March is Endometriosis Awareness Month, which has a mission to raise awareness of a disease that impacts millions of women worldwide. One of the biggest challenges relates to diagnosis. For many with pelvic pain, it is likely that deep infiltrating endometriosis (DIE) will be missed on an ultrasound scan. This is no longer acceptable, and the time has surely gone where either a surgeon or the patient is surprised by the pathology found at laparoscopic surgery. Nobody should have surgery for possible endometriosis if they have not undergone an expert “endometriosis” scan. To mark Endometriosis Awareness Month, on Sunday 28th March, the second in this years’ ISUOG webinar series will be devoted to endometriosis. The webinar will be put together by George Condous and will certainly be one not to miss. This is a clinical area in which ISUOG can make a difference for patients.

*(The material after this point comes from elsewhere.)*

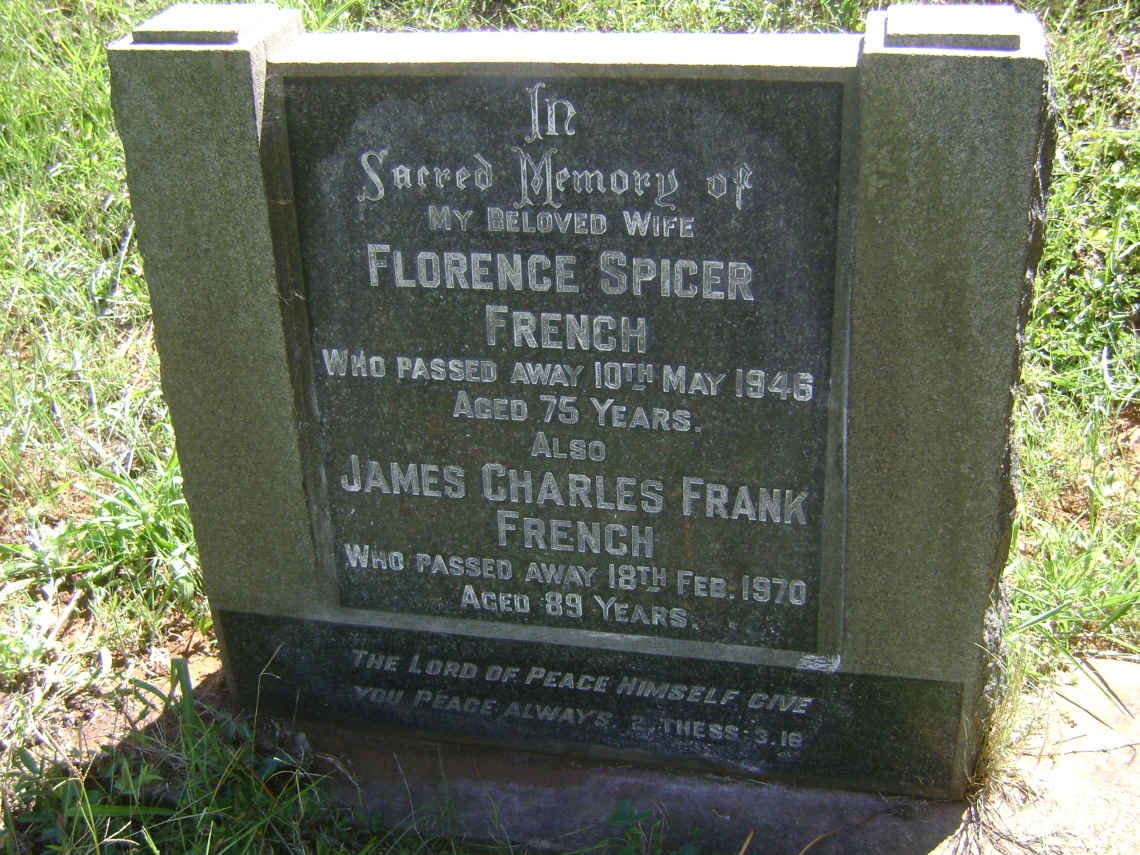 FRENCH James Charles Frank -1970 :: FRENCH Florence Spicer -1946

On Friday, there was a meeting (by Zoom, naturally) for all the new ISUOG ambassadors. Listening as each ambassador spoke about their work and ambitions with ISUOG, it was immediately clear that ISUOG is really fortunate to have so many highly experienced and exceptional clinicians to work with from all over the globe. The biggest theme related to language. ISUOG must produce educational content that is accessible, which means it has to be translated into multiple languages. It was also clear that many ambassadors are carrying out extensive outreach work in low-income settings. ISUOG has to adopt policies that better support this activity.

Two new special-interest groups (SIGs) have also been approved this month. One on twins, which will be chaired by Asma Khalil, the other devoted to artificial intelligence and chaired by Dirk Timmerman. SIGs are less formally constituted than committees, so can be more flexible in terms of membership and the work that they carry out. I think ISUOG has probably not seen the development of SIGs as a priority in the past, however, bringing people together with a shared interest to network, solve problems, stimulate research and propose new educational material must surely be a good thing. I think we will see more of them in other areas.

Meanwhile, the ISUOG Scientific Committee has been meeting to put together the program for the World Congress this year. They have voted on the plenary lecturers and we look forward to announcing information about the program soon.

So, that’s it for the newsletter this month other than to remind you that the Calgary Virtual International Symposium will take place on the 17th and 18th April. Suffice to say it is a really good program, so do take a look on the ISUOG website.